Could you write out, exactly as they stand, only the lines in the listing below from the line with "Inspire - Preview" to the line with "Molex_90119-2111_Printed Circuit Board", both ends included, without the pictures?

SUPPLIED MATERIAL:
════════

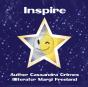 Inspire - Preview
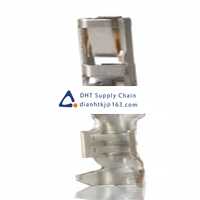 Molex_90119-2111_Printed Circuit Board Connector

════════

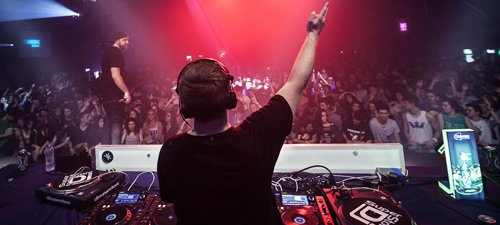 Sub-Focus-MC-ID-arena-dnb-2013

════════

THE ANSWER:
 Inspire - Preview
 Molex_90119-2111_Printed Circuit Board Connector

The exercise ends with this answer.